[[ DATA FOR REVIEW open ]]
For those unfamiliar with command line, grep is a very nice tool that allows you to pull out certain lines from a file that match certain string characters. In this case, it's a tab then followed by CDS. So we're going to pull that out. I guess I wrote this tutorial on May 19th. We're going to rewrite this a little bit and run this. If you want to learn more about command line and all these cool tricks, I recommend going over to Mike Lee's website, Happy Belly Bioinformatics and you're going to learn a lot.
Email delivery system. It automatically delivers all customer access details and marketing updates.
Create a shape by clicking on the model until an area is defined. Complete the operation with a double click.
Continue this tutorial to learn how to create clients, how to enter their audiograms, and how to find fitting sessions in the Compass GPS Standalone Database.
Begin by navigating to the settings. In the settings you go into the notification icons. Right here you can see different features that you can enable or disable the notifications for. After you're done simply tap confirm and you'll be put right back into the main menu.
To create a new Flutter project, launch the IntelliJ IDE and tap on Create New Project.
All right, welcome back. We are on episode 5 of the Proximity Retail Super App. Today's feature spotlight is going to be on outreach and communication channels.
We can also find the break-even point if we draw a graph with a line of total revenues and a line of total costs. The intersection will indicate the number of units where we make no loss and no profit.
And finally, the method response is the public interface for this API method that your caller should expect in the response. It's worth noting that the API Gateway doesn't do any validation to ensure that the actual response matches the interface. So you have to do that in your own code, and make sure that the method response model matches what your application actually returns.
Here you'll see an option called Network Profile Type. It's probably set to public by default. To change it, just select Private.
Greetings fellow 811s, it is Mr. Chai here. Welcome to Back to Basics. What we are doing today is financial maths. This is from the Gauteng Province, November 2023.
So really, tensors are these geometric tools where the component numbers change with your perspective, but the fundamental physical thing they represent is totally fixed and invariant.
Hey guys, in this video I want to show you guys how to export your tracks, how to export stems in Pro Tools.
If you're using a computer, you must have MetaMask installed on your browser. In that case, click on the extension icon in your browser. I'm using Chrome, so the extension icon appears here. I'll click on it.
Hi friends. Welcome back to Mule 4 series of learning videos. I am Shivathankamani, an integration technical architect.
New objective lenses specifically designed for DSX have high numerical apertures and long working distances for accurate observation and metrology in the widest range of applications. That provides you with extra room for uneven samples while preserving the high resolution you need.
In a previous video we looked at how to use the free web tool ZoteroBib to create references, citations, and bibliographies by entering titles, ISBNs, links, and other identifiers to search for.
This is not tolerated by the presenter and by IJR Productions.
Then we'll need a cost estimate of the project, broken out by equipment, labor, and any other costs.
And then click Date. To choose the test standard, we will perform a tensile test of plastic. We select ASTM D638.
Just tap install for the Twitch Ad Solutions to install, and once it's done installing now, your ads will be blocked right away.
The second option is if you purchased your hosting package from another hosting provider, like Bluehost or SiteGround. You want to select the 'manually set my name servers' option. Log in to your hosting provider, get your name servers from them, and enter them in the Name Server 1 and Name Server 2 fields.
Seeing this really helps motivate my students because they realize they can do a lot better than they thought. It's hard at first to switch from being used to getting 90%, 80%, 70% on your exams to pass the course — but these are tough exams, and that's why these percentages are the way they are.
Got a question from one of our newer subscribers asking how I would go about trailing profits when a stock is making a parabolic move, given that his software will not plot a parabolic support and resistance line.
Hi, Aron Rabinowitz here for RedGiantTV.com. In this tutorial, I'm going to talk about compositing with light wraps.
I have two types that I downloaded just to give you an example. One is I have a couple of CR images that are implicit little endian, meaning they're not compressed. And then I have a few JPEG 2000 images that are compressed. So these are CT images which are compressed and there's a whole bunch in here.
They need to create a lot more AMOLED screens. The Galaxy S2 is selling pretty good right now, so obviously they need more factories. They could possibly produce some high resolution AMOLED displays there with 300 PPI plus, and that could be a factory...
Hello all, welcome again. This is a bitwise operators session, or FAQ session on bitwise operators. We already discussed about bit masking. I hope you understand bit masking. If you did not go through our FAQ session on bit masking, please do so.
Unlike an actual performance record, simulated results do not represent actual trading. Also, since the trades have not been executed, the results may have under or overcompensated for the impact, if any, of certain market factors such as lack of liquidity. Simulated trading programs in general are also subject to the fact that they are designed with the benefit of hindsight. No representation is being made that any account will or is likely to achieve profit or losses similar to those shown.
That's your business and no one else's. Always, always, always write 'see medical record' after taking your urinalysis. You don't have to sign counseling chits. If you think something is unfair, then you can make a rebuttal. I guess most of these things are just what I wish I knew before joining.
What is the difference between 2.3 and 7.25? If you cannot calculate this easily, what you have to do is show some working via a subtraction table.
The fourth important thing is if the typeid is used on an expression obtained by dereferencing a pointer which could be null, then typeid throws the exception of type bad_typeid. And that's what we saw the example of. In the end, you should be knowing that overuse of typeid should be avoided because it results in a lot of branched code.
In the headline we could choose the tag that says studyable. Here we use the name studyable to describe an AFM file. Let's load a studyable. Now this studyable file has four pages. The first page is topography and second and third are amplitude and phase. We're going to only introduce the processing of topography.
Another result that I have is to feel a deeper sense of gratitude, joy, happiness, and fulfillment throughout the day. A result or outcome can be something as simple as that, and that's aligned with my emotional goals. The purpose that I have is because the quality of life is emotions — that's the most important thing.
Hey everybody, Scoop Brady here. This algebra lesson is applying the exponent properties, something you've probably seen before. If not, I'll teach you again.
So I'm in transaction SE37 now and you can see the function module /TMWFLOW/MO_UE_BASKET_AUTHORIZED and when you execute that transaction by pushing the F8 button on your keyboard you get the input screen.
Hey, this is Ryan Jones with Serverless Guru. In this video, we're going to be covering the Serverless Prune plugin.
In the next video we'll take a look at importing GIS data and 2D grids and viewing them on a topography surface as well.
[[ DATA FOR REVIEW closed ]]
# [ACTIVITY]
From the records above, show each line that contains the word "change".

# [ANSWER SPACE]
Here you'll see an option called Network Profile Type. It's probably set to public by default. To change it, just select Private.
So really, tensors are these geometric tools where the component numbers change with your perspective, but the fundamental physical thing they represent is totally fixed and invariant.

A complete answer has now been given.